Combating bribery. This is perhaps the most direct and important of the recommendations. Do not “directly or indirectly offer, promise, give or demand a bribe or other undue advantage to obtain or retain business.”

Anti-bribery stance

The recommendation applies particularly to foreign public officials, where Canadian law – and specifically the 1999 Anti Bribery Convention – applies. Don’t use agents, distributors or any third party to get around these laws, and have adequate internal controls to ensure compliance (see www.mneguidelines.oecd.org). The guidelines recommend discouraging facilitation payments (paying a “fee” to someone to carry out a task that is part of his/her normal responsibilities), even if such payments are technically permitted under the law. Take special care recruiting agents or distributors to ensure reliable partners. Make the enterprise’s policy regarding bribery public and ensure employees are made fully aware of it.
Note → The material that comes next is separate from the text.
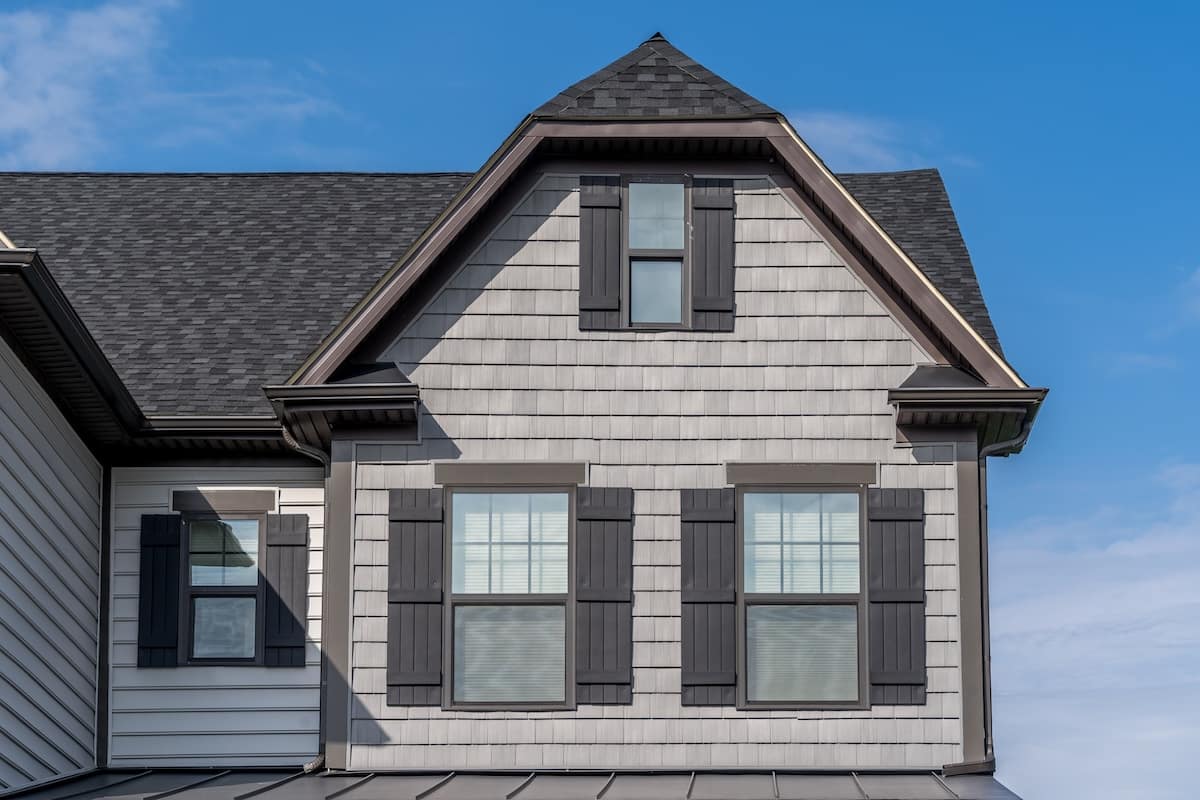 A close-up of a house exterior with light gray siding, black shutters, and three windows beneath a sharply peaked gable roof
Consumer interests. Much of this is “boiler plate” stuff, such as: act in accordance with fair business, marketing and advertising practices; and goods or services should be reliable and at the targeted level of quality. Supply appropriate support or technical information to customers, put a dispute resolution mechanism in place, and there should be no deceptive or fraudulent practices. Customers’ privacy and personal data should be respected.

Science and technology (S&T). Ensure S&T activities are compatible with policies in the local country, and technology transfer where appropriate is encouraged, provided intellectual property (IP) rights are respected. As far as possible, perform S&T in the host country to address local (job or technology) needs, and licences for patented technology should be agreed to on reasonable terms. Enterprises are also encouraged to work with local universities and technical institutes.

Competition. Comply with local competition law (no price-fixing, rigged bids or divided markets). Co-operate with investigating authorities, and promote employee compliance with local competition laws and regulations.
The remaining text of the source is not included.